Our friend Jenn, who lives in London, recently ran into a similar situation while trying to upgrade a bathroom to make it safe for her Grandma who uses a walker. Phone calls weren’t returned. Her situation is urgent and frustrating.
So, what’s a Wallaceburger to do?
One problem is a shortage of qualified tradespeople. The owner of the Miracle Method franchise in London has closed shop and I suspect it’s partly due to a complaint he shared with me. He couldn’t find qualified people to work for him. He went to Fanshawe and trade schools and tried to find good employees but it was always a struggle.
The Handyman Connection seemed like a good idea, until we actually used the service. I convinced my brother to call them to get some repairs done at our parents’ home. THC is a network of supposedly experienced and professional trades-people but they scraped the bottom of the barrel to get the guy who did the work. He was sloppy, apathetic and rude. Perhaps he was just a bad apple but he soured us on the service.

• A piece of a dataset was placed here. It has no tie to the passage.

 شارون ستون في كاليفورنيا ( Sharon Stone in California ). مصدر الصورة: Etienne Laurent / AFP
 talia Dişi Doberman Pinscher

It appears this is a trend that will take years to reverse. David Gough, writing in his Courier Press editorial, makes a great case for young people to go into a trade instead of, for example, taking on the debt of a university degree. Skilled, eager tradespeople will almost always have work. People are waiting and ready to hire them. I can think of a plumber who could make some money right now if they’d just commit to hanging out in our shower a little while and moving the plumbing for us!